I'm rather restless and nervous, mostly because of stupid things. Does it happen to you, too? I mean - I do this pretty often: I take some problem, often rather insignificant one, and then think about it excessively until it grows into gigantic size and its false importance starts overshadowing the sun. It often involves hypothetical fights and arguing with certain people - usually starts with thinking about something they said and what would you reply, if you wanted to argue with them. Gradually, the imaginary conflict flares up and you get really pissed off - for no reason at all, as you have not really argued and mainly assumed what such a row might look like.
   Man, one would say I have no time for such stupid pass times, but there you are.
Well, otherwise - things are going rather fine - I am working, studying, enjoying married life (btiching about dirty dishes in the sink included) and reading/watching Bleach, which turned out surprisingly good.
Also, I am going to buy my air ticket this week - I booked a fine ticket Prague-Vienna-Tokyo with Austrian Airlines and I hope the University will give me the money in time. I would not like to lose this one. I will also need to buy myself a decent suitcase, as I cannot go on borrowing it from parents/siblings/friends.
   Oh, and almost forgot - Dana and I went to a magnificent party on Saturday. It was actually a small birthday party given by my friend (and senpai), who is also a very good translator.
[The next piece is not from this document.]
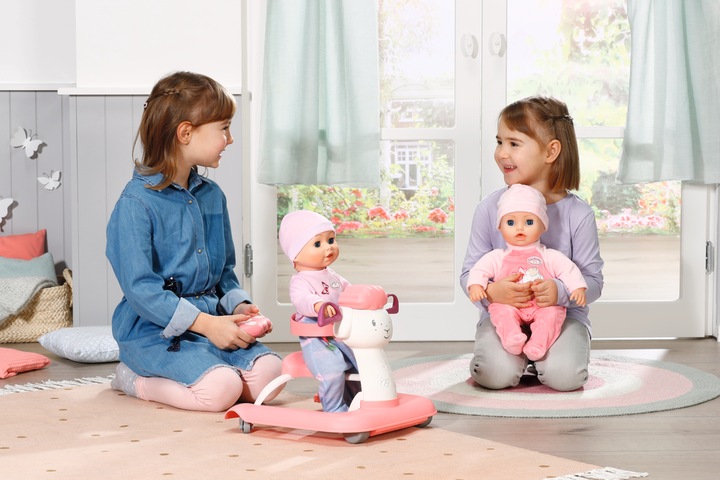 Produktbild Baby Annabell Lilly lernt laufen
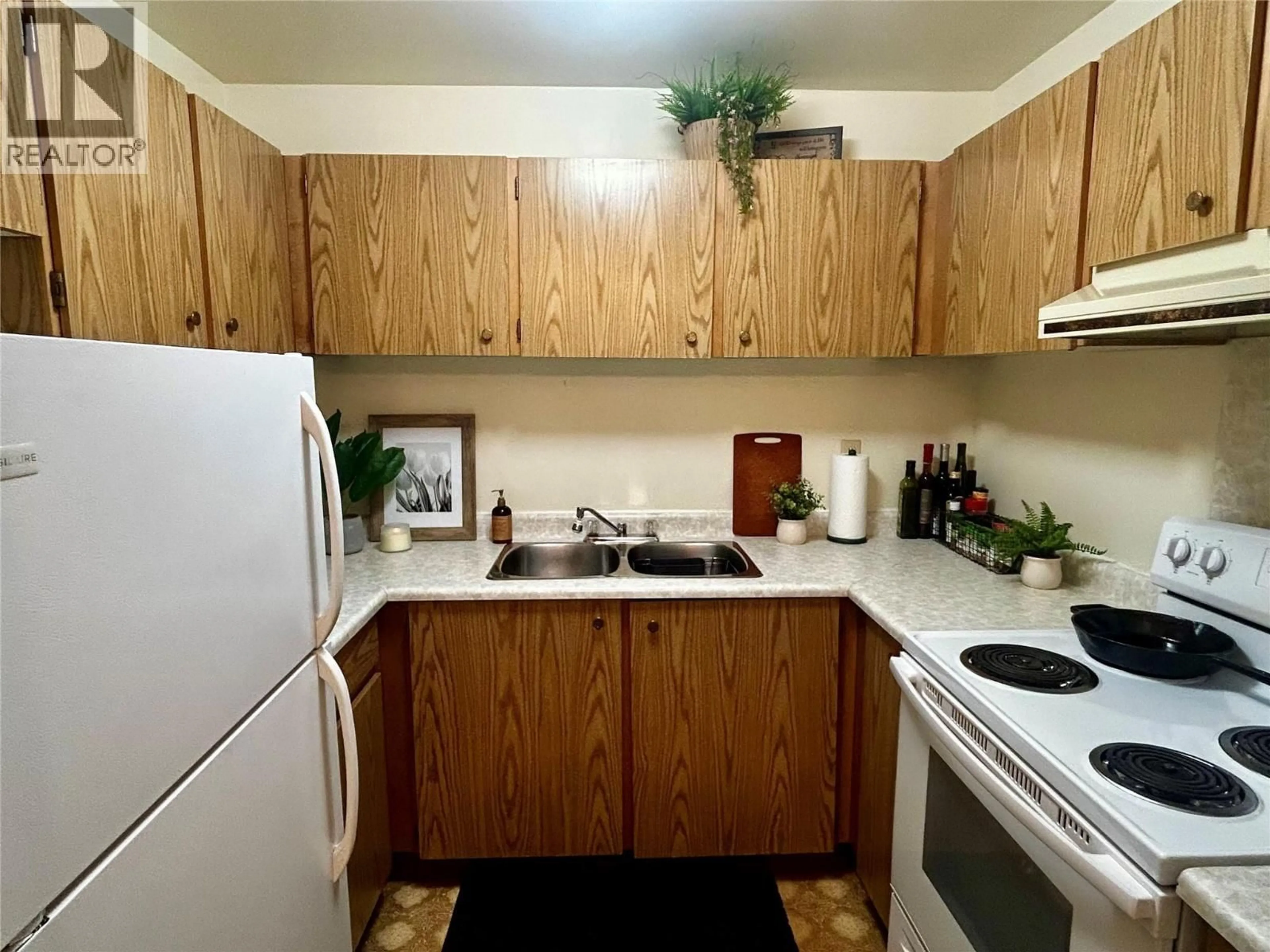 Standard kitchen, unknown for 309 - 185 CHAMBERLAIN CRESCENT, Tumbler Ridge British Columbia V0C2W0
It was a small affair, but brilliant, as both him and his girlfriend are great hosts and the other guests were all perfect. It's nice to know some people still can be sarcastic while managing to stay actually witty and not having to sink to being vulgar. It's rare, these days. But then, maybe it was because they were all pretty cool with their life, while people who feel they have to act all rough tend to be rather insecure in fact. (Or - in certain cases - just sad losers? Whatever. ;)

Okay, will return to work now. Dana will come to pick me up and we will go hunting for her new trousers. It's always quite a fight, as she's tall and lean, so nearly all of the decent jeans are either too short or too wide around the waist. I hope I'll be fit enough to make dinner after we return - I hoped to do chirashizushi today... no, wait, I have been hoping to do it for about a week now. Really, it's a relatively simple food, but in the end I always gave up and made something different. Maybe it's because I could not face the thought of dealing with the rice cooker? Again, it's the easiest thing to do, but somehow I tremble every time I think of how I'll put the rice inside and it will cook for 45 minutes, which means we won't be eating anytime soon and the later I eat, the worse for me.